I think this is in the process of happening.  Pretty much everyone I know who is in some way involved in 3D printing, be it on professional systems or as a hobbyist, is now deeply skeptical about Makerbot Industries -- and by extension: Stratasys.  You could not give away a fifth gen Makerbot to most of the people in the know.  (I know, I just asked a hackerspace if they wanted one of our fifth gens and they didn't even want to waste space on it).


One way they could resolve this would be to offer ALL their fifth gen customers to trade in their product for Replicator 2 printers, which are actually pretty good machines.  Another way they could deal with this is to a) provide multiple extruders with each printer (including the ones they have already sold), and b) just allow people to service them themselves and make sure the spare parts and instructions on how to service them are available.  Of course, this won't fix the host of other problems the machines have, but it would be a show of good faith from Makerbot Industries.  

*Because right now, all people see is an arrogant company that has made a defective product and who are not ready to stand by it and who are not doing anything to fix the situation. Nobody wants to do business with a company that does not stand by their product.*


I'm still in the process of trying to work out how to get the Replicator 5 gen to work with Makerbot Industries and I have made quite an effort to allow them room to fix things, but I am not seeing convincing efforts from Makerbot's side.  I've held off blogging about my experiences thus far in order to give them a chance to put things in order,  but I've realized that I might be doing others a disservice by not reporting on my experiences as they unfold.

Either way I have been thinking about writing up a more comprehensive article and offer it to the membership magazine of one of the major engineering organizations in the country I live. Because I think that if people's first exposure to 3D printing leaves them with printers that are broken and which they cannot possibly fix themselves, that is going to turn a lot of people away from 3D printing.

----------


## wpilgrim

@bongodrum I agree with your post here, especially about makers and 3D print enthusiasts being turned off from the brand,  I don’t know a single person from these groups who is happy with MB’s current line up (plenty are happy with their gen 4’s and below, I am one). 

I think this goes even further though and quite frankly has more potential for harm.  Right now the people that I know of that are actually buying gen 5 machines are those that are new to 3D printing.  They know Makerbot, because let’s face it, it is certainly the biggest name in the consumer grade 3D printer world, and they have sat around long enough and finally have decided to invest their money in this technology.  And instead of getting the plug and play machine that they believed they were going to get, they get a machine that is already more complicated and presents more problems than 3D printing already presents.  So now they are turning away the next generation of adopters, because quite frankly they don’t know any better.  They believe they are paying top of the line dollars for a sound machine that is far from sound.

Also this is happening.




> but I've realized that I might be doing others a disservice by not reporting on my experiences as they unfold.

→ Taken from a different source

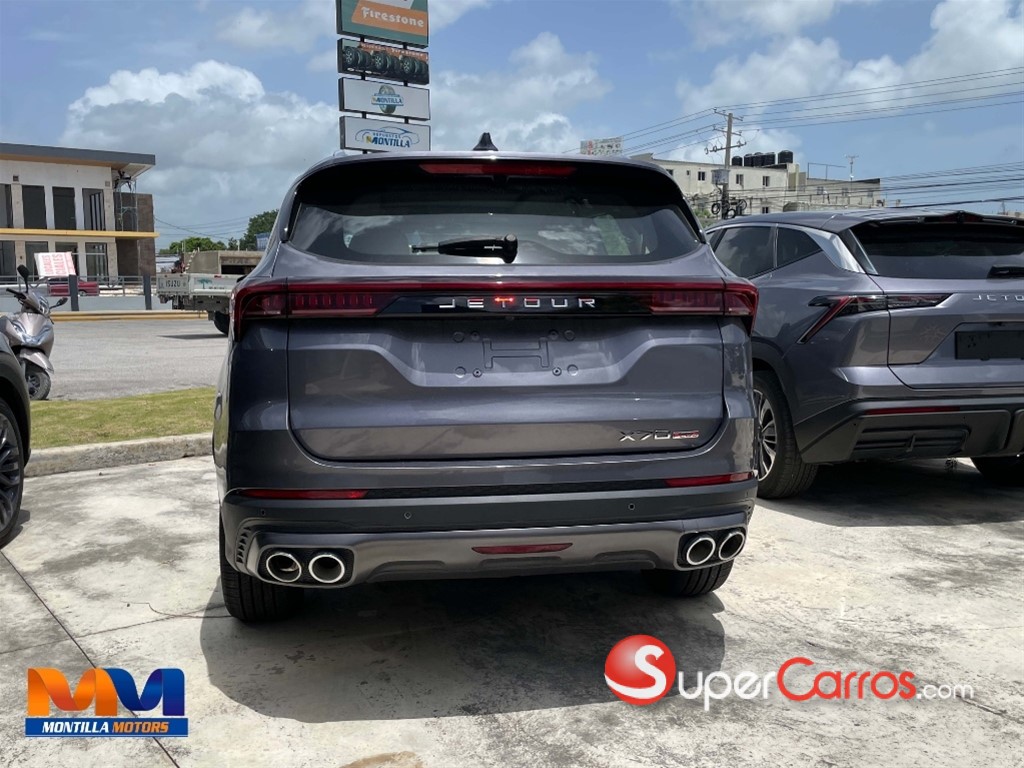 2025 Jetour X70 PLUS — foto 2 / 8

I know person after person who is “giving MB” a chance to make it right, I mean honestly who wouldn’t after spending that kind of money, but by not letting others know of the problems, we are allowing a crappy company to continue pulling the wool over the eyes of new adopters.  We need to get the message out there and THEN they will hopefully start to change.

----------


## JRDM

There's a lot of stories already out there, but people don't seem to investigate actual user experiences. They're out there, just waiting to be found.

And Make Magazine review doesn't mention these issues either.

----------


## Roxy

> http://www.tridimake.com/2014/06/do-...-printers.html    ......


In the article it says their following is starting to call them TakerBot!   They just take intellectual property from the community and give nothing back.

----------


## American 3D Printing

> I've held off blogging about my experiences thus far in order to give them a chance to put things in order,  but I've realized that I might be doing others a disservice by not reporting on my experiences as they unfold.
> 
> Either way I have been thinking about writing up a more comprehensive article and offer it to the membership magazine of one of the major engineering organizations in the country I live. Because I think that if people's first exposure to 3D printing leaves them with printers that are broken and which they cannot possibly fix themselves, that is going to turn a lot of people away from 3D printing.


I wrote a fairly comprehensive, fact-based and well-documented review of our own experiences with the 5th gen right here:

http://3dprintboard.com/showthread.p...ead-with-Rep-2 

With over 6,800 views, I'd guess somebody's reading it. Feel free to add your own experiences to that thread, or start a new one.

----------


## richardphat

Serve them right for screwing around with piss poor quality. At least, the 2x replicator and other decent printer are still saving them!

----------